Wisuda Sekolah Tinggi Ilmu Tarbiyah (STIT) di Auditorium Harris Hotel Conventions Festival Citylink, Bandung, Jawa Barat, Selasa (7/10/2025).
Oleh: Imam M.Nizar
Di tengah derasnya arus globalisasi dan kemajuan teknologi, manusia modern seringkali terjebak dalam hiruk-pikuk dunia yang mengasyikan.
Banyak arah yang mengejar pengetahuan duniawi demi gengsi dan materi. Akan tetapi, sedikit yang menapaki tangga ilmu untuk mendekat kepada Sang Pencipta.
Di sinilah letak pentingnya meningkatkan diri dalam ilmu pengetahuan formal di bidang keagamaan — sebuah jalan sunyi yang memadukan antara nalar, spiritualitas, dan adab.

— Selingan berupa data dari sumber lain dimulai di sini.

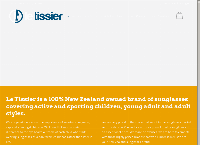 Le Tissier Sportif Limited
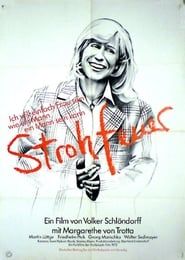 Strohfeuer (1972)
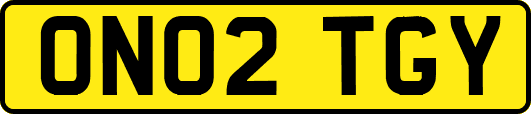 ON02TGY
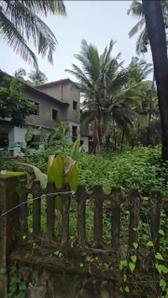 Image of 500 Sq.ft Residential Plot / Land for sale in Guirim, Goa for Rs. 30000000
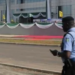 Out of 19 abducted from Nigerian mosque, six rescued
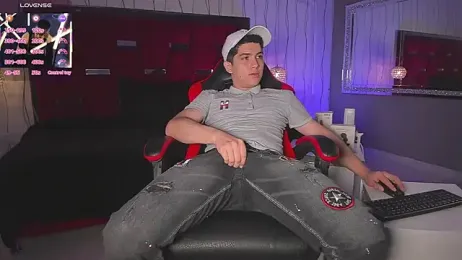 Brat_ stripchat stream image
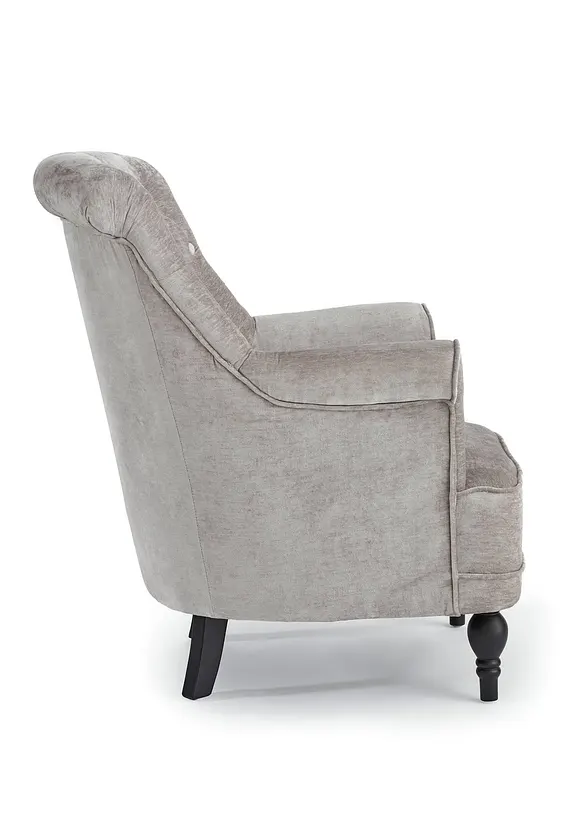 Poltrona, bonprix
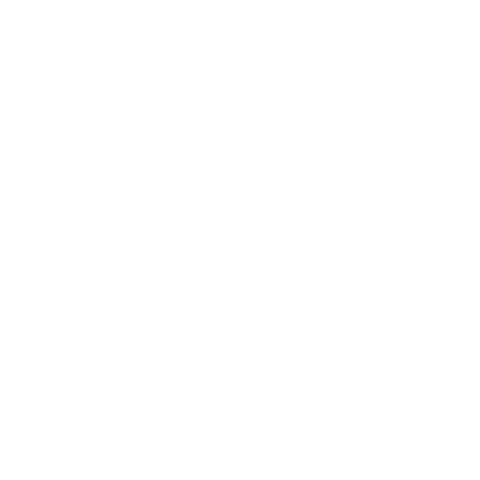Hero Unit Inline Image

Ilmu yang Mensucikan Akal dan Hati
Ilmu agama bukan sekadar hafalan ayat, deretan hukum fiqh, atau teori tafsir yang kaku. Ia adalah cermin kejernihan hati yang berusaha memahami pesan Ilahi di balik setiap firman.
Belajar agama secara formal berarti menata ulang cara berpikir — dari sekadar “tahu” menjadi “mengerti”, dari sekadar “beragama” menjadi “beradab”.
Melalui pendidikan formal keagamaan, seseorang belajar mengenali Tuhan dengan metode ilmiah, mengkaji syariat dengan dasar epistemologi, dan memaknai iman dengan logika yang terasah. Proses ini membentuk insan yang tidak hanya saleh secara ritual, tetapi juga matang secara intelektual.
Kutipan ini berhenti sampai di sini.